* [Directions] Go to the line containing "Microphone Head Capacitive" below; retype it and all following lines exactly, and leave out the pictures.

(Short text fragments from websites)
[Start of section]

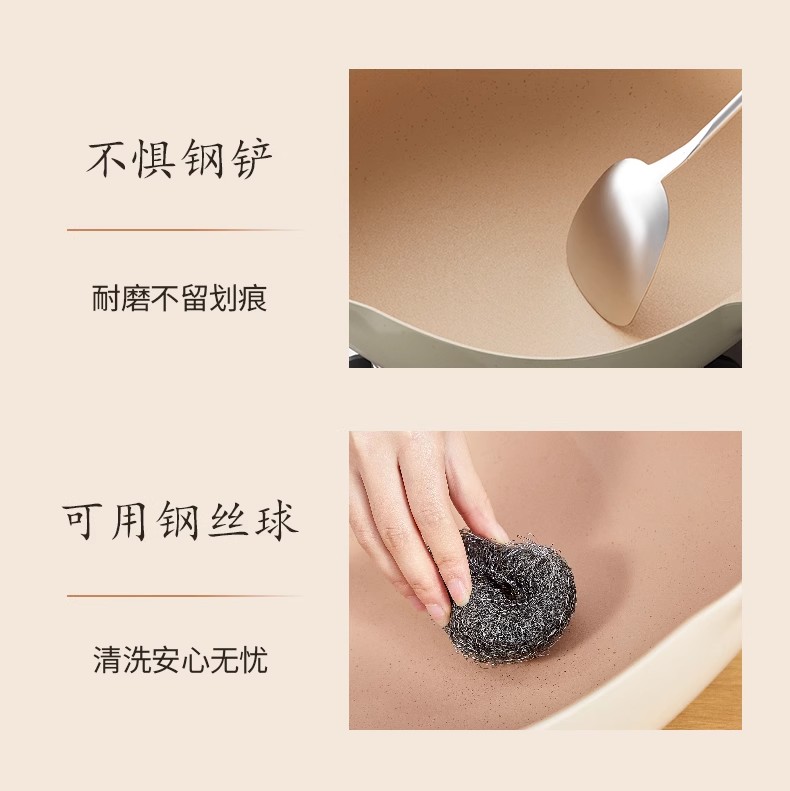 TZT钛晶炒锅家用不粘锅无涂层平底炒菜锅不沾锅燃气灶电磁炉专用详情18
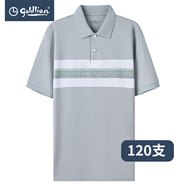 金利來(lái)（Goldlion）男裝含棉條紋短袖t恤男士款夏季透氣商務(wù)休閑體恤衫 灰色-38 3XL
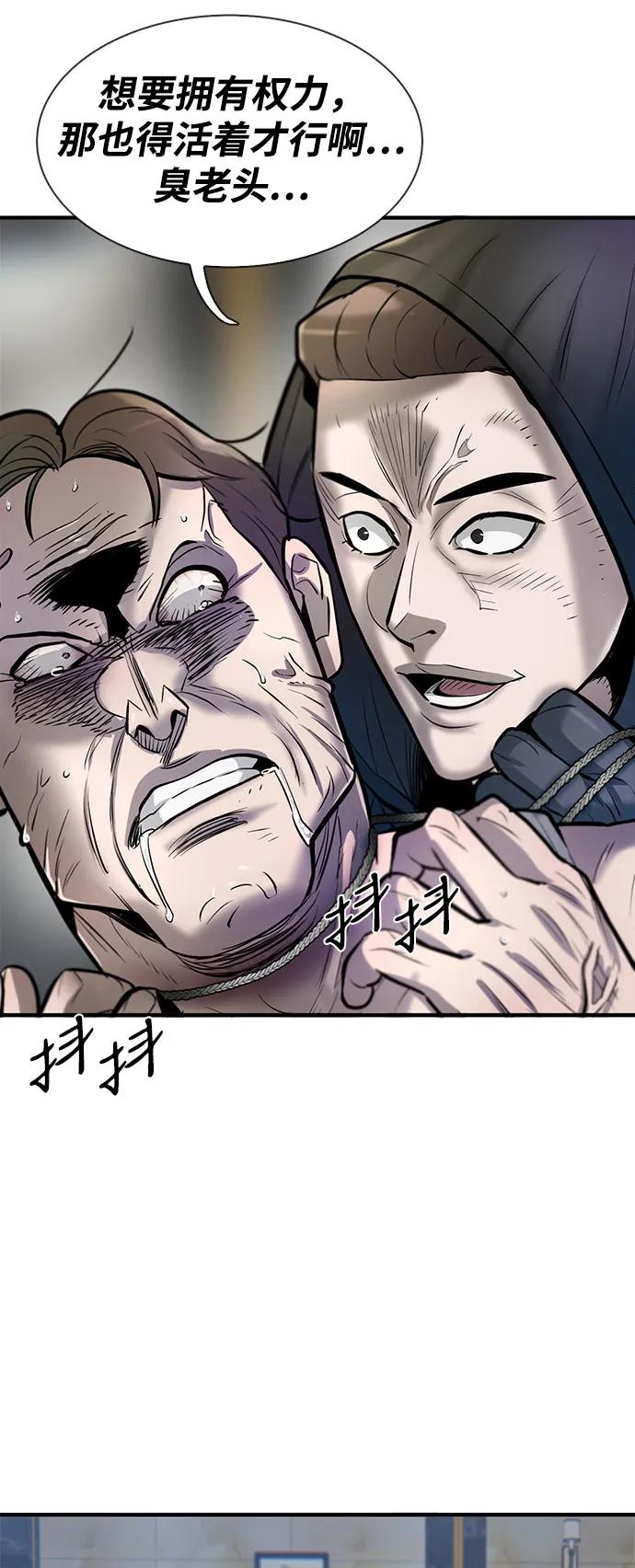 第45话61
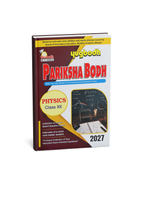 Navbodh Pariksha Bodh Class 12 Physics 2027 (English Medium)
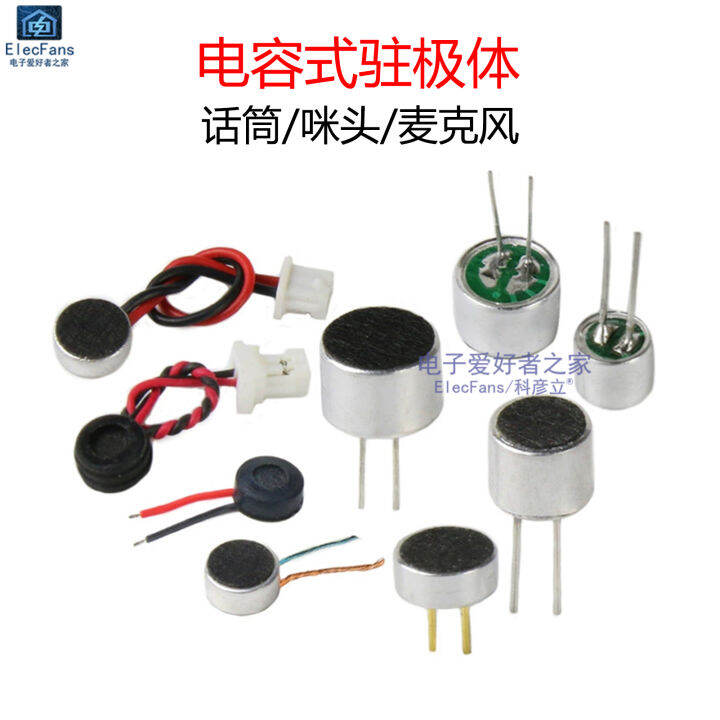 Microphone Head Capacitive Electronic Electret Microphone Microphone Vibration Pickup Microphone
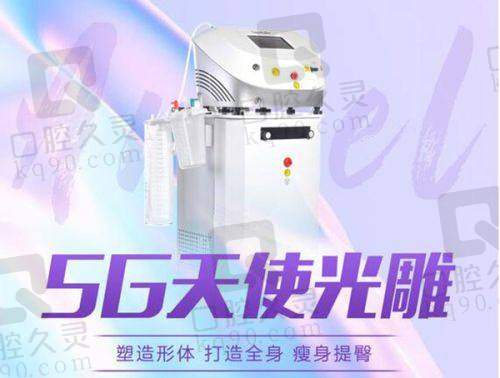 联系杭州维多利亚医疗美容医院的注意事项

[End of section]

* [Result of this task]
 Microphone Head Capacitive Electronic Electret Microphone Microphone Vibration Pickup Microphone
 联系杭州维多利亚医疗美容医院的注意事项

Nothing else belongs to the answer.